Le peuple d'Antioche était à peine rassuré contre la vengeance de Théodose qu'un faux bruit renouvela sa frayeur. - On disait que les dispositions de l'empereur étaient toutes changées. - Mais ce trouble s'apaisa dès le soir même par de meilleures nouvelles, et le lendemain saint Chrysostome put commencer son discours en remerciant Dieu d'avoir dissipé cet orage. - Il continua ensuite le sujet des précédentes homélies, et cita l'exemple d'Hérode qui, pour accomplir un serment sacrilège, fit périr le précurseur. - Le serment d'un particulier l'expose personnellement à mille inconvénients, mais celui d'un prince peut devenir, pour tout un peuple, l'occasion des plus grands malheurs, témoins les serments indiscrets de Saül et de Jephté. - L'orateur mentionne également les maux que le roi Sédécias attira sur les Juifs, en violant le serment de fidélité qu'il avait prêté à Nabuchodonosor. - Et comme chacun s'abstenait des bains, parce que Théodose les avait interdits, il demande à ses auditeurs de n'être pas moins fidèles au commandement du Seigneur qui défend le serment et le parjure. - C'est dans Antioche que, pour la première fois, les disciples de Jésus-Christ reçurent le nom de chrétiens; qu'elle soit donc aussi la première ville qui bannisse le blasphème de son enceinte.


71411. Hier le démon a excité dans la cité un trouble violent, mais le Seigneur n'a pas moins abondamment daigné nous consoler, en sorte que chacun de nous peut bien dire avec le Psalmiste: Selon la multitude des douleurs de mon âme, vos consolations ont réjoui mon coeur. (Ps 94,19) D'ailleurs la Providence ne s'est pas moins montrée en permettant ce trouble qu'en l'apaisant, car je ne cesse de le dire, et je le répète aujourd'hui, la miséricorde divine éclate dans la cessation de nos maux, tout comme elle est visible dans leur origine. Quand le Seigneur voit que nous inclinons au relâchement, et que nous nous éloignons de sa sainte familiarité, il se retire lui-même, afin que, rendus plus sages par le châtiment, nous revenions à lui avec un nouvel empressement. Au reste ne nous étonnons pas que pour ranimer notre ferveur il tienne cette conduite à notre égard, puisque l'Apôtre assigne la même cause à ses propres tribulations, et à celles de ses disciples. C'est ainsi qu'il dit dans sa seconde Epître aux Corinthiens: Je désire, mes frères, que vous n'ignoriez pas l'affliction qui nous est survenue en Asie; parce qu'elle a été au-dessus de nos forces, jusqu'à nous donner le dégoût de la vie; en sorte que nous avons reçu en nous-mêmes une réponse de mort. (2Co 1,8 2Co 1,9) C'est-à-dire que les périls auxquels j'ai été exposés ont été si fâcheux, que j'avais pris la vie en un profond dégoût, et que je n'attendais que de la mort quelque heureux changement, car tel est le sens de cette parole: Nous avons reçu en nous-mêmes une réponse de mort. Mais le Seigneur, continue-t-il, a dissipé cette tempête et ce (66) désespoir, il a écarté ces nuées orageuses, et il m'a comme arraché du tombeau.
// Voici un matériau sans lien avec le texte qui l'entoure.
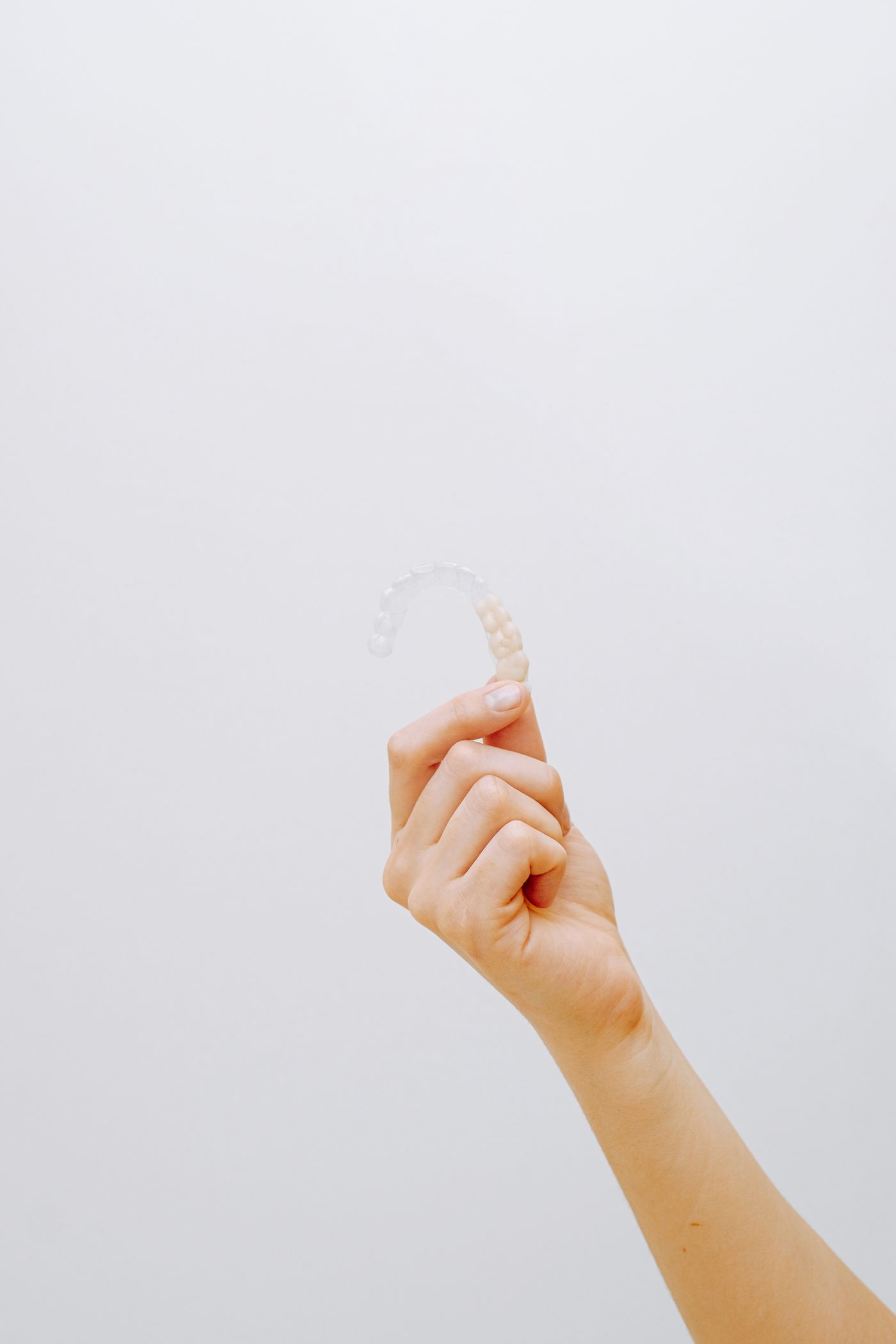 Clear dental aligner held in a hand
Pour prouver ensuite que la Providence ne permet ces épreuves que par une profonde sagesse, il en signale l'heureux résultat. Or ce résultat a été que sans cesse il a tenu son regard élevé vers Dieu, et qu'il ne s'est arrêté en lui-même à aucun sentiment de vaine complaisance, ni d'orgueil. Aussi après avoir dit: Nous avons reçu en nous-mêmes une réponse de mort, il en rend cette raison: Afin que nous ne mettions point notre complaisance en nous-mêmes, mais dans le Dieu qui ressuscite les morts. (2Co 1,9) Le propre de l'affliction est de réveiller les âmes assoupies, de relever celles qui sont tombées, et de nous rendre plus religieux. C'est pourquoi, mon cher frère, bien que nos frayeurs anciennes semblent se renouveler, ne perdez ni le courage, ni la confiance. Affermissez-vous au contraire dans vos bonnes espérances, par, cette solide pensée que ce n'est point par haine ou par aversion que Dieu vous livre aux mains de vos ennemis, et qu'il se propose seulement de ranimer votre zèle à son service. Gardons-nous donc de perdre courage, et ayons confiance dans un heureux changement à notre situation. Oui, espérons que bientôt la cité reprendra sa première tranquillité, et que le Seigneur mettra fin à ces troubles qui nous agitent. Aussi viens-je aujourd'hui poursuivre le cours de mes instructions, et continuer le même su-, jet. Je veux donc vous parler encore du jurement, afin de déraciner entièrement en vous cette criminelle habitude.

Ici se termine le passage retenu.